Gaza: The Bourgeoisie Celebrate their Victory Over Mountains of Corpses but it will be the Proletariat, Defeated Today, That Will be the Winner

Edition No.62

From the fragile truce that began on Sunday, January 19th in Gaza, all the contenders claim to be winners.

Israel

Since the day after the massacre of October 7, 2023, carried out by Hamas and Islamic Jihad militias, the Israeli bourgeois regime has fought on several fronts, officially declared seven: in the South in Gaza, in the North with Hezbollah in Lebanon, in Syria against the pro-Iranian militias linked to the Assad regime, in Iraq against other pro-Iranian militias, against the Houthis in Yemen, against the Iranian regime and finally against the armed groups of Hamas and the PIJ in the West Bank. Seen in this broader context, the war fought in these 15 months has been a success for Israel.
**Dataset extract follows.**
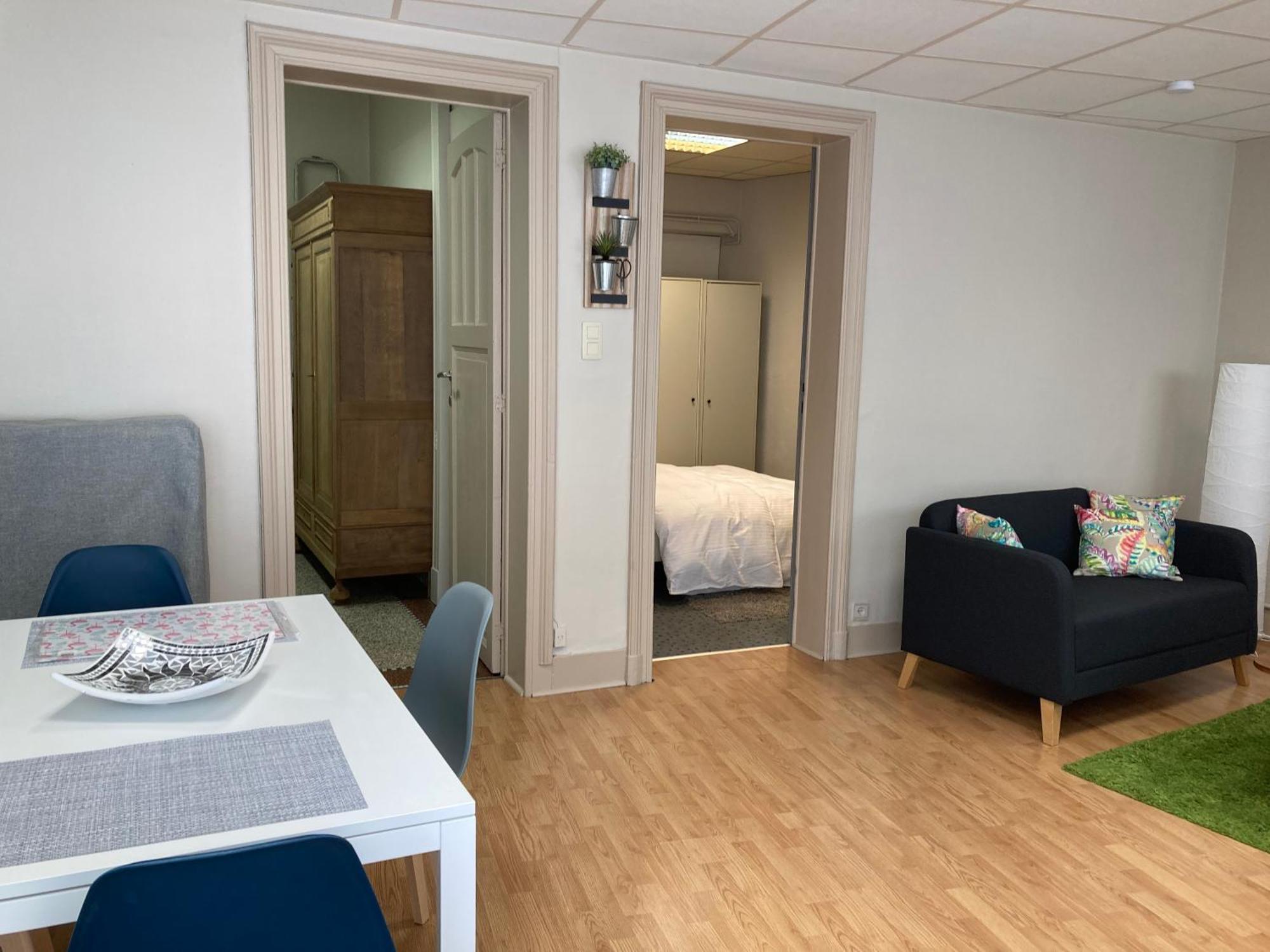 Gite D'Avalon Appartement 5 ดีน็อง ภายนอก รูปภาพ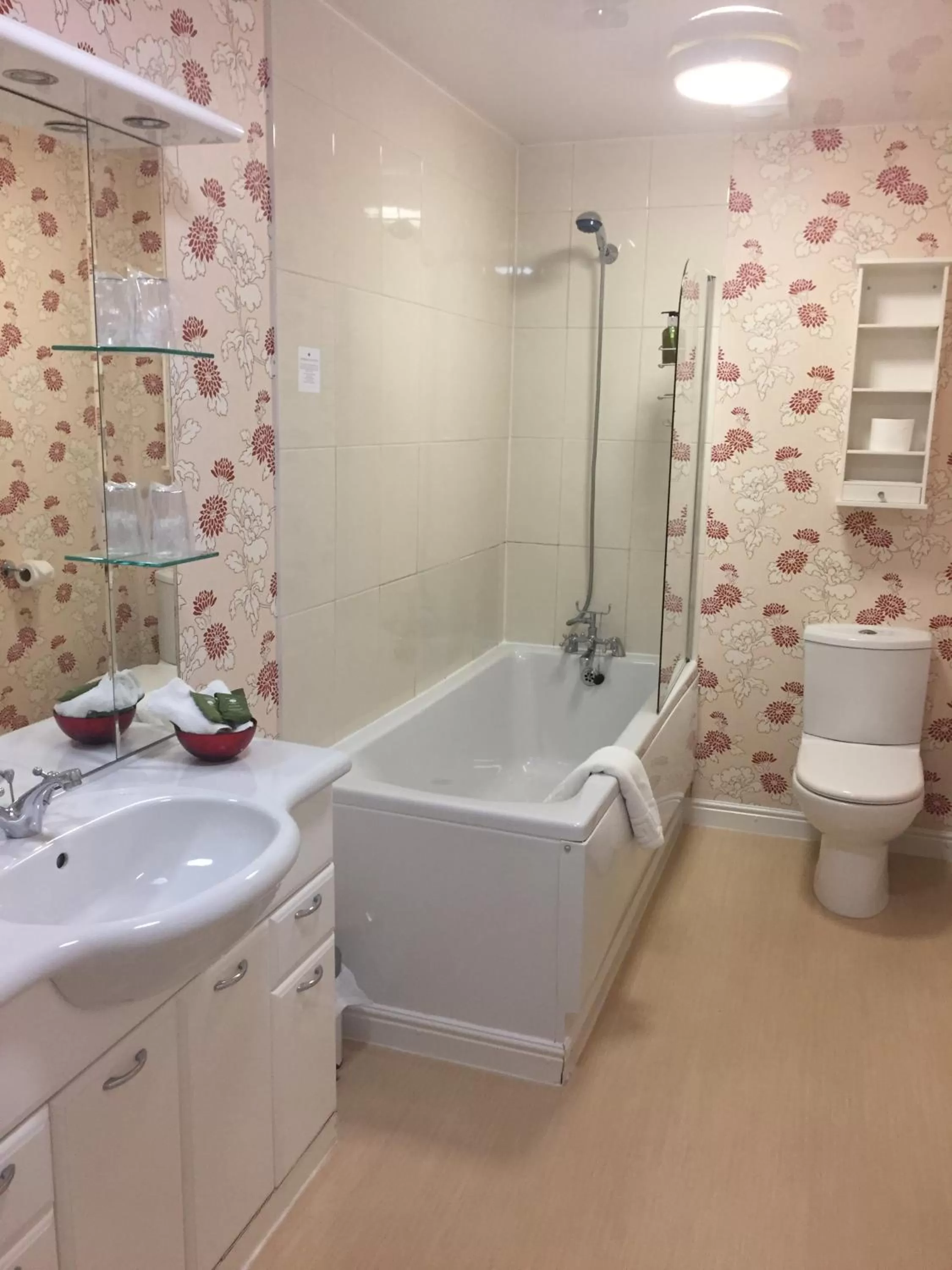 Bathroom in The Chetwynde Hotel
Hezbollah, militarily far more powerful than Hamas, has been severely weakened, with a considerable part of its leadership physically eliminated, with the military logistic structures in Southern Lebanon largely destroyed, with heavy blows inflicted along the Beqa’ valley and in the Shiite neighborhoods of Beirut.

This led to the truce on November 27th that Hezbollah was forced to accept, which granted Israel the right to strike Hezbollah forces wherever it deemed they were not complying with the planned withdrawal to the north of the Litani river and their replacement with the forces of the regular Lebanese army, which is militarily weaker than Hezbollah. Israel has not hesitated to exercise this right, with more localized but almost daily bombings against positions, men, warehouses and vehicles of the pro-Iranian Shiite armed group. Israel’s withdrawal from Lebanon, scheduled for January 27, has been postponed. Less than seven days after the signing of this truce, the advance of the Sunni militias organized in Hay’at Tahrir al-Sham (HTS), which, moving from the enclave of Idlib, where they held power, conquered Aleppo on December 2, and in a few days descended south until they took Damascus on December 8, deposing the Assads who had been in power since 1970. This led to the breaking of the so-called “Shiite corridor”, which from Iran passed through Iraq and Syria to Lebanon, supplying Hezbollah with weapons, and to the flight from Syria of pro-Iranian militias, which fell back into Iraq. This was a second blow to the Iranian regime and its imperialist ambitions in the region.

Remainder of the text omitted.